Scarlett woke up with a start. After cursing falling dreams to the highest appropriate degree, she noticed her surroundings. Then she actually looked at them.

How in the *world* had she wound up in a canopy bed?!

This was probably part of Someone’s plot to keep certain people visible, at least for a while. She wouldn’t be surprised if that miserable excuse for an Antichrist was in on it. So far as that matter went, she sincerely hoped Below had better taste next time they pulled that trick.

But no matter. It wasn’t going to do her any good to get steamed at her superiors at (um... clock? Anyone? Ah, there we go.) three in the morning. And besides, she was clearly going to need the saner hours to work out where - and who, from the looks of things - she was.

Problem was, she didn’t know if she could get back to sleep now that she knew she was in a canopy bed...

><>

She must have managed in the end. Quinn Morgendorffer, owner of the room, woke up a good twenty minutes after her alarm went off. She didn’t know why she was so tired even after the extra sleep - after all, she hadn’t woken up in the middle of the night.

_Can’t even sleep till noon,_ she thought for no readily apparent reason. As she made her way to her closet, her mind also seemed to be leaning toward wearing something red.

She brushed the oddity of that thought aside until she actually opened her closet and discovered the only red thing in it was her Mom-bribing halter top. (She’d lost track of the ultimatums it had earned her, not to mention the cash.) Knowing full well she’d never hear the end of it if she was caught trying to wear it to school, Quinn pulled the halter top out and started fishing around for a jacket to wear over it.

<><

While not incredibly happy about the lack of total control over what she was doing, Scarlett was willing to put up with having things in hand at least part of the time. It was something, and she’d take something over nothing any day. Having just sat through a solid stretch of Nothing for undefined amounts of time, she should know.

So what was this chick’s schedule, anyway? There was a planner in her locker, though Scarlett doubted it was school-issued. Not if the cover was coral pink. At any rate, it probably contained some of her answers.

One of those answers was a little (all right, a lot) hard for her to accept. “Fashion Club? Whose brilliant idea was *that?*”

_Oh, that’s right,_ the rightful owner of the body mused. _That sale at Cashman’s. Sandi’s only been going on about it for the last three weeks or so. I’ll have to get money later._

Scarlett was definitely not looking forward to spending the entire afternoon in a shopping mall. On the other hand, she might be able to get some more red in the girl’s wardrobe selection. With the slightest smirk, she set about going through the rest of the locker.

><>

“Kuh-winn.”

Quinn glanced sidelong at Fashion Club president Sandi Griffin. She was nearly certain that whatever was coming had something to do with the halter top. She sighed and said, “What?”

“Why are you, like, mixing primaries? That’s been a fashion don’t since day one, or something.”

Even though she knew there was nothing wrong with a red top and blue jeans, she now had a case to argue. “Oh, honestly, Sandi, don’t you know pastel blue when you see it?” (A convincing argument, though she had no idea why she was being so... forceful about it.)

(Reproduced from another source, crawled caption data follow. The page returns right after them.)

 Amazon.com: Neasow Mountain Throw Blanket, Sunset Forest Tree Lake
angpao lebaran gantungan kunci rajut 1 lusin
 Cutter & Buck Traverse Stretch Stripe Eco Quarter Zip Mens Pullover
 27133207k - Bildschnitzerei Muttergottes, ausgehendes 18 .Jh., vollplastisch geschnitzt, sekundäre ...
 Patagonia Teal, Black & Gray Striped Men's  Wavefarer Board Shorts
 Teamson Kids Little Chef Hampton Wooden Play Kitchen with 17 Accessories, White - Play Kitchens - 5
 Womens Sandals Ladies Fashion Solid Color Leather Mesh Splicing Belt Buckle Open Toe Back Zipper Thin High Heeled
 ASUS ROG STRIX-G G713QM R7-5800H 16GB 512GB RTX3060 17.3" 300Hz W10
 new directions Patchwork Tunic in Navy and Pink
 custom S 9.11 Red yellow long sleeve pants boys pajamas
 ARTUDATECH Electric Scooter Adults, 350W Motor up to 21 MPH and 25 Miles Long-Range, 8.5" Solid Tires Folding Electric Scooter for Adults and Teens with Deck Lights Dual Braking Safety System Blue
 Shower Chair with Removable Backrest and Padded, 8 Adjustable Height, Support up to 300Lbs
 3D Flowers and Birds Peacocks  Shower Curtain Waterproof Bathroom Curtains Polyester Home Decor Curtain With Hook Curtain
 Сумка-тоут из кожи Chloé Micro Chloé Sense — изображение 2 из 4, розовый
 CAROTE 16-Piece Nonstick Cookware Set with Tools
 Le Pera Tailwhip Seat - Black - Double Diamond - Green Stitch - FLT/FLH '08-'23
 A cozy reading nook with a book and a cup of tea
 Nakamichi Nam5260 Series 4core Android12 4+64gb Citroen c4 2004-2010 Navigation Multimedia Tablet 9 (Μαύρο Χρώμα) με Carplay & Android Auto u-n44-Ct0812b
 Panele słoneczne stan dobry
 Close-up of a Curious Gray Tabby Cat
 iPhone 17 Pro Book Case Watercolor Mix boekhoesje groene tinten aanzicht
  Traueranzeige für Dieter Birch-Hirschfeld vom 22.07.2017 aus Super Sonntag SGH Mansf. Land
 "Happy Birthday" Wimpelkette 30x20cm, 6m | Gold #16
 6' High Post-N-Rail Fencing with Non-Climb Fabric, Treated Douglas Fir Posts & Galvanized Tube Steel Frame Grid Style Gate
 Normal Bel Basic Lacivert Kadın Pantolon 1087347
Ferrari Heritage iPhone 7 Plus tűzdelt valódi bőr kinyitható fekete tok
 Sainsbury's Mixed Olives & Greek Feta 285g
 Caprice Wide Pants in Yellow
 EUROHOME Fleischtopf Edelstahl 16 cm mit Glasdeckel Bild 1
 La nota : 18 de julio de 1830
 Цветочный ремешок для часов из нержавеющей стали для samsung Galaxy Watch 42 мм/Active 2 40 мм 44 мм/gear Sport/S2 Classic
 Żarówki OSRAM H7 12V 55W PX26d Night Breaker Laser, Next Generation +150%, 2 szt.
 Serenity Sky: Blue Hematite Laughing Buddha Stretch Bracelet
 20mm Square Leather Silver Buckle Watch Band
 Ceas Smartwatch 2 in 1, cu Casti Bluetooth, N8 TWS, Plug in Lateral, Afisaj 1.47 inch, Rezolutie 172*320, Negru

“Gee, Quinn, I would think if your jeans were *old* enough to count as pastel, you would’ve, like, replaced them by now.” Sandi paused in her valley-girl-isms to eat some of her salad. “Maybe your geeky cousin, or whatever she is, is rubbing off on you?”

“Saandiii...” coordinating officer Tiffany Blum-Deckler chimed in (or droned, anyway). “That worrd... eww.”

“Look, just because I’m putting a little more effort into my classes doesn’t mean I’ve lost my fashion sense. Besides, I thought the whole point of different styles was to get some variety in.” Part of Quinn’s brain was absolutely screaming for a way - ANY way - out of this stupid conversation.

“Um, Quinn?”

Not accustomed to only hearing from one-third of the J’s at once, Jamie White’s presence nearly went unnoticed by the three girls. however, the rebellious sector of Quinn’s mind put two and two together, came up with five, and noticed Sandi had spilled her grape juice.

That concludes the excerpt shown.